As I anticipated in the beginning, normal forms go way beyond the 3NF, but they’re mostly of academic interest and there’s little to none interest in normal database development to keep this order of normalization. But for the sake of curiosity, let’s anyway have a look to what we can find beyond the 3NF.

Boyce-Codd Normalization Form

BCNF is a stricter version of 3NF where every determinant is a candidate key. It ensures that functional dependencies are resolved more rigorously, even in complex scenarios.

Fourth and Fifth Normalization Forms

4th Normalization Form deals with multi-valued dependencies while the 5th Normalization Forms define a standardized way to work with joined tables.

Conclusion

When I first entered the world of database management, I was completely new to best practices, including the intricate world of normalization forms. Fortunately, a supportive work environment allowed me to dig into these concepts and encouraged me to share my findings. For people who know my background, will be no surprise the fact that most IT best practices and enterprise-level common solutions are still somehow obscure. Surprisingly to me, this is also the case for many young developers grinding their way into the dynamic world of startups. Unlike many other sectors, though, startups are renowned for their knowledge-sharing spirit and flat structure; I was, therefore, able to contribute significantly to my team’s efforts in better designing database schema changes. This journey has not only enhanced my skills but also enabled me to support my colleagues in creating optimized and high-performing RDBM environments.

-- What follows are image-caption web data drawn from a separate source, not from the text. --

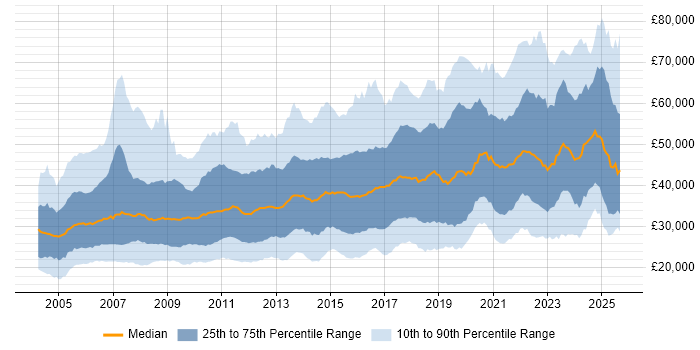 Salary distribution trend for jobs in the North of England citing Analytical Skills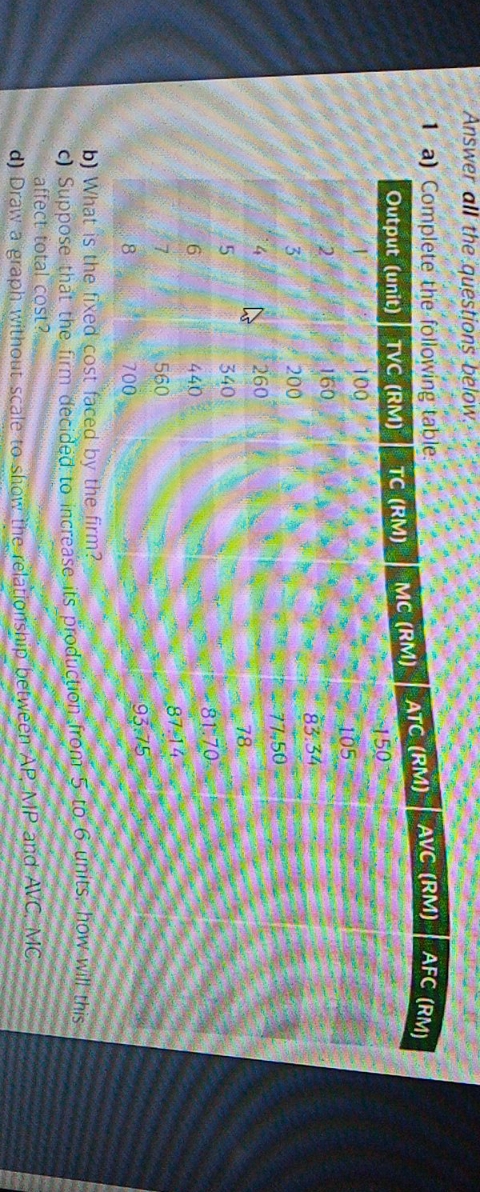 how to solve the table Answer all the questions below 1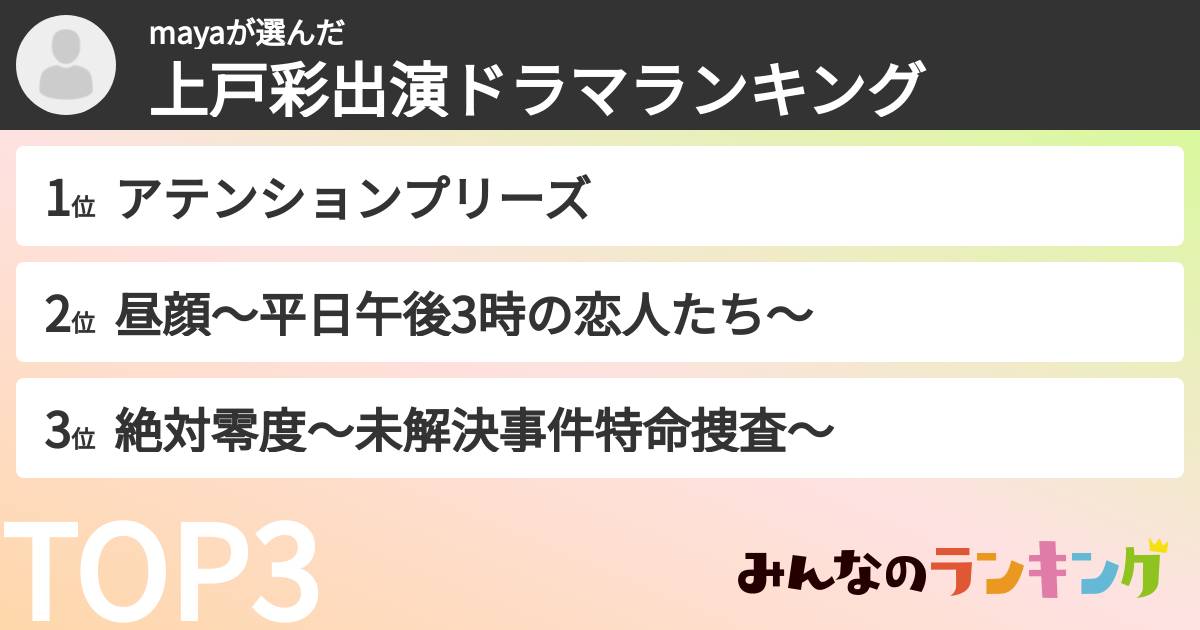 mayaさんの「上戸彩出演ドラマランキング」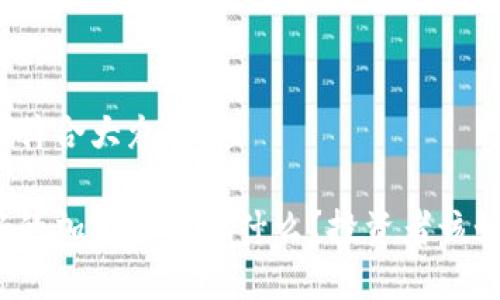 思考一个符合大众和:

现在最好的加密货币是什么？投资者该如何选择？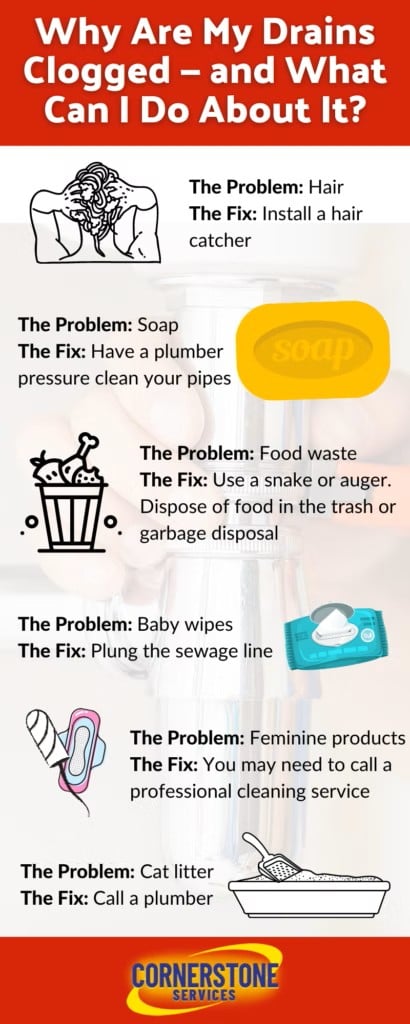 Why Are My Drains Clogged & What Can I Do About It?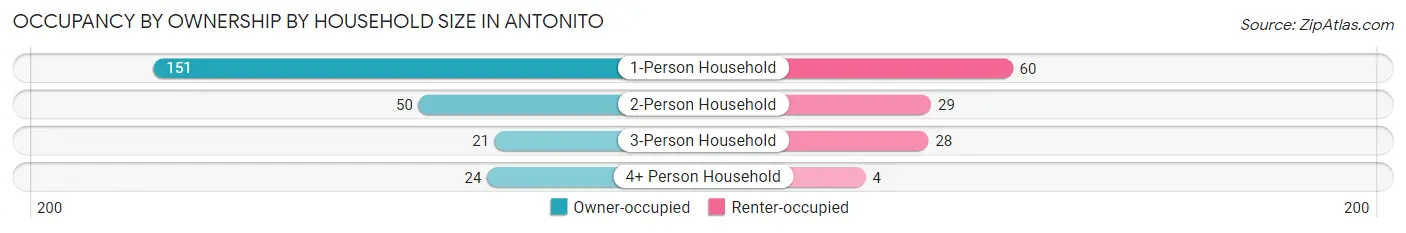 Occupancy by Ownership by Household Size in Antonito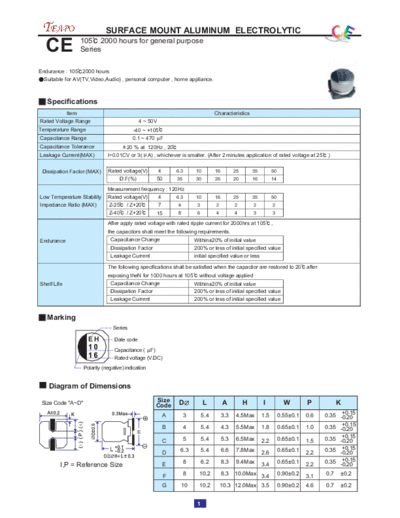 Teapo [smd] CE Series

Bibliography and Additional Resources

I collect here below some interesting resources that I stumbled upon

  • Refactoring Database: Evolutionary Databases Design; like the code that we use, also databases need to be refactored and adapted to the ever-changing specs and requirements. Unlike the code base, though, databases need to be handled with extra care, especially in the case the database is shared across different actors and services. This book provides a practical and concrete set of strategies to apply in the presence of different refactoring needs.
  • Database Internals: A Deep Dive into How Distributed Data Systems Work; The book is divided into two parts; The first part deals with B*-trees, LSM-trees, differences between locks and latches, memory VS disk optimizations, rebalancing, concurrency models for transactions, etc. The second part is more about distributed systems (Paxos algorithms, replication, byzantine fault, etc). All in all an essential vademecum for anyone who wants a refresher on the pros and cons of the enormous plethora of different solutions that are available out there when talking about databases.
  • Software Architecture: the hard parts. A comprehensive overview of best practices and ideas to apply when there are no design patterns that match our use case. Moving from a monolithic to a microservice structure, while refactoring team structure and database usage is one of the most difficult steps to take in modern IT. This book is an essential vademecum to survive this challenging process.
  • This beautiful YouTube video introduces all the normalization forms.